I like the stuff with Daimen if that's what you mean, though I agree with the clones essentially ruining the whole "power development" aspect of the series (and at the point when he meets with Daimen a number of the negative aspects were already in play - I just liked the specific dynamic with Daimen himself). Same with Zach; how Zach is dealt with is the most disappointing thing for me, even though it sort of makes sense narratively (Zach mentally "checking out" due to how long he's been in the loop + being sure that he's going to die makes sense, but he's probably the single person Zorian is the closest to during the series so it feels bad for him to not have a big role in its finale).

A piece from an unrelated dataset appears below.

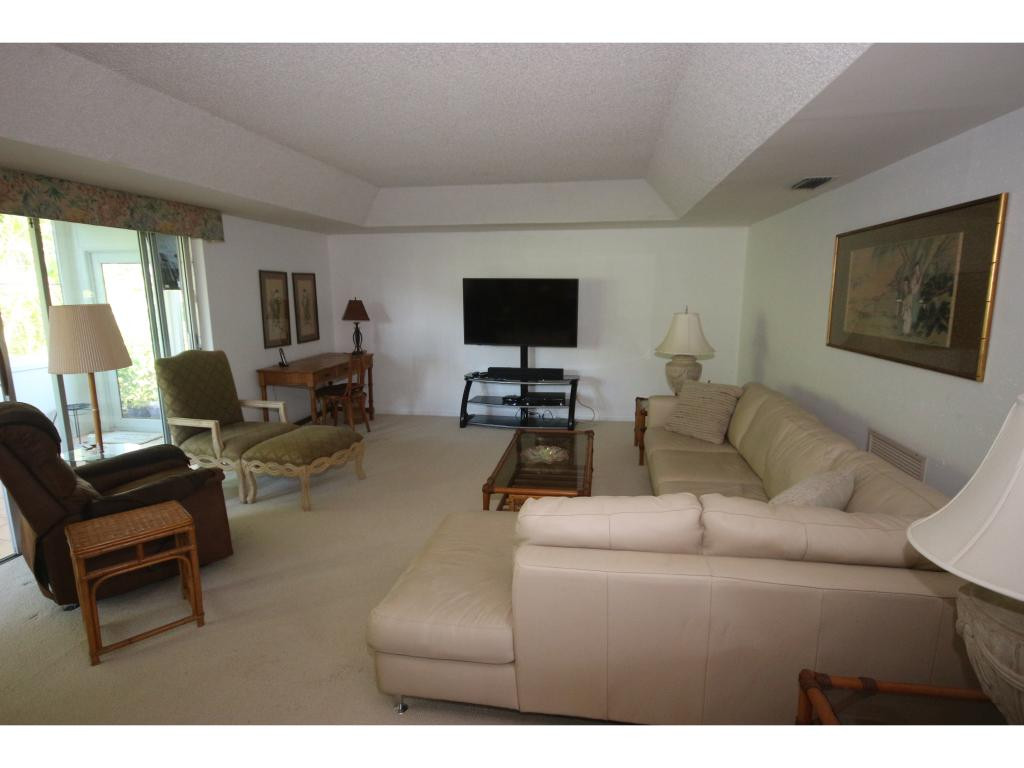 700 Teryl Road, Unit 1 Naples, FL 34112 - Photo 8 of 33 a living room with furniture and a flat screen tv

I liked Daimen too and honestly wish they'd done more with him, especially the thing with Zorian spending years going "Boy my bro's an rear end in a top hat," only for Zach to meet him and go "...honestly he seems okay, I'm pretty sure you're the rear end in a top hat." But it's also around that point where I assume the author realized they needed to speed things up, because clones/Daimen is around the point where I recall stuff hitting warp speed and single chapters semi-regularly becoming "Anyway X was a problem, so we spent six months iterating on it and found a fix. Also I learned another way to explode people with my brain. Zach was there too."

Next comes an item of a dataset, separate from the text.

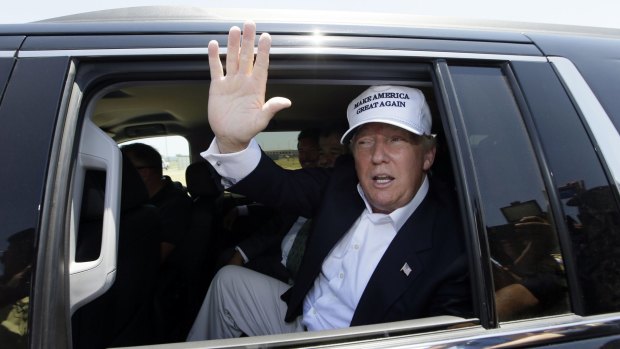 Republican presidential hopeful Donald Trump waves from his vehicle during a tour of the World Trade International Bridge at  the US-Mexico border in Laredo, Texas.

The finale itself was a big ol' letdown for me- I honestly think that the author fell prey to the impulse or perceived need to make a big, epic ending, and in MoL's specific case action and combat were pretty much the worst possible way to go about that. Even with how it was written I honestly never felt that Z&Z were convincingly put in peril, and I really wish that instead of a giant city-destroying brawl it was just, like, Z&Z planned their perfect month, mask guy and jerk witch planned their perfect month, and the last few chapters is just three assholes all doing clandestine plot/counterplot crap while the rest of the city is completely oblivious.

Bremen
Jul 20, 2006

Our God..... is an awesome God
I found the ending to Mother of Learning decent though not great. Maybe that's because I read the whole thing through in one go once it was completed and didn't have time to build up much in the way of expectations, though.

Larry Parrish
Jul 9, 2012

by Jeffrey of YOSPOS
I read probably 90% of it in a couple days and then waited around for the ending, but by the time that short break hit it was obvious that the author had thrown way, way too many plates into the air to actually end it as a coherent plot cleanly, instead of continuing what was basically a slice of life about a dude using magic to learn social skills.

Chillyrabbit
Oct 24, 2012

The only sword wielding rabbit on the internet



Ultra Carp
Thanks for the Vainquer the dragon recommendation, it was a nice finished web serial to just lose yourself in. Utterly ridiculous and a little too corny but a nice read.

90s Cringe Rock
Nov 29, 2006
:gay:
lol worm spoilers: apparently wildbow edited it so fan-favourite character browbeat, who everyone definitely remembers existed, died in the leviathan fight. I know he said he rolled dice to see who died but I didn't think he'd reroll them later on.

Fajita Queen
Jun 21, 2012

90s Cringe Rock posted:

lol worm spoilers: apparently wildbow edited it so fan-favourite character browbeat, who everyone definitely remembers existed, died in the leviathan fight. I know he said he rolled dice to see who died but I didn't think he'd reroll them later on.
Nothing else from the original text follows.